The steps of a enzyme catalyze reaction include:
Initiation
Transition state facilitation
Termination
There are three different types of enzyme “helpers”:
Cofactors are inorganic ions, such as the metal ions Zn2+ (zinc), Mg2+ (magnesium), and Fe2+ (iron), that reversibly interact with enzymes.
Coenzymes are organic molecules that reversibly interact with enzymes.
Prosthetic groups are atoms or non-amino acid molecules that are permanently attached to proteins.
The rate of an enzyme-catalyzed reaction depends not only on substrate concentration and the enzyme’s intrinsic affinity for the substrate, but also on temperature and pH.
The regulatory molecule is similar in size and shape to the enzyme’s natural substrate and inhibits catalysis by binding to the enzyme’s active site which is a tactic called competitive inhibition.
The regulatory molecule binds at a location other than the active site and changes the shape of the enzyme.
This type of interaction is called allosteric regulation because the binding event changes the shape of the enzyme in a way that makes the active site available or unavailable.
Each of the molecules are built by a series of reactions, each catalyzed by a different enzyme and this multistep process is referred to as metabolic pathways.

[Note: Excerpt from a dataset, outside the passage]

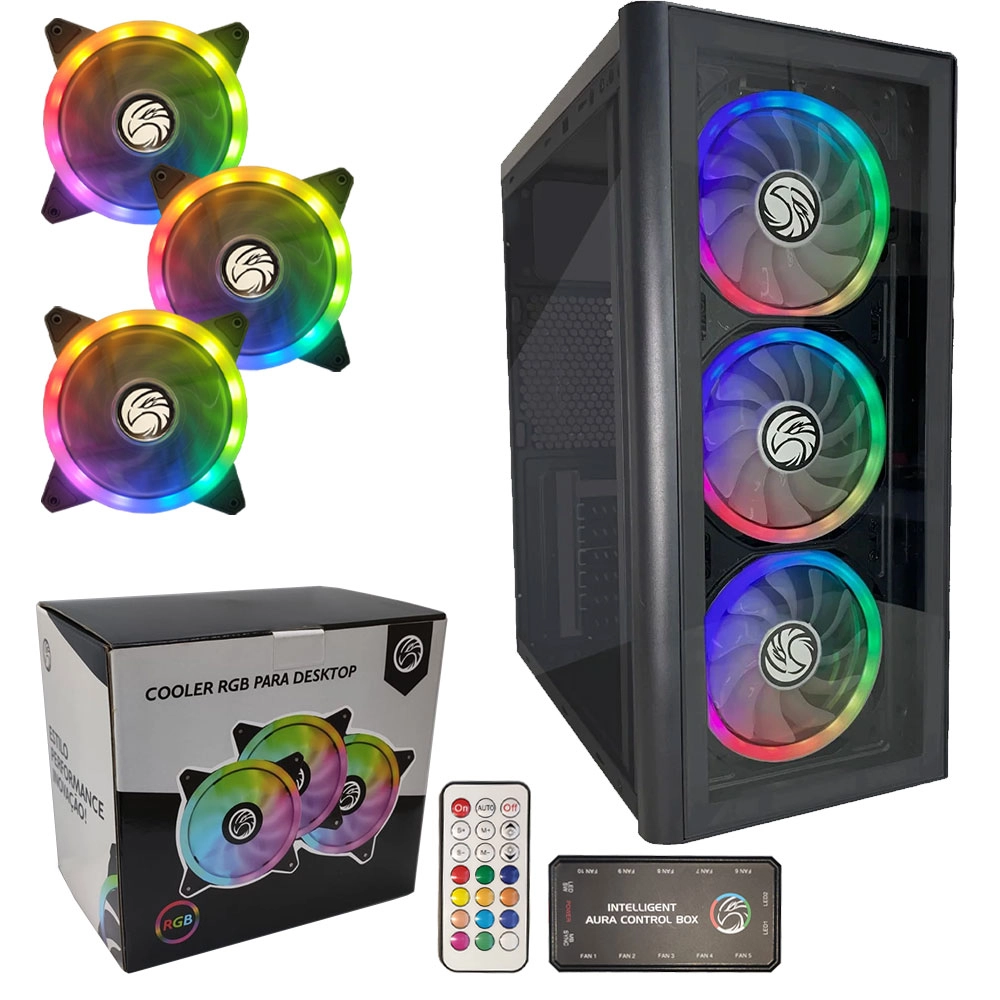 Kit Gabinete Gamer C2-2901 + 3 Fans Rgb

A convenient way to regulate metabolic pathways is to use the final product of the reaction sequence to inactivate one of the pathway’s own enzymes and this type of regulation is called feedback inhibition.
The metabolic activity of other microbes is now being scrutinized and engineered to clean up a variety of human-made pollutants-giving rise to a new technology called bioremediation
Those that break down molecules for sources of energy and carbon building blocks are called catabolic pathways.
Those that use energy and carbon building blocks to synthesize molecules are called anabolic pathways.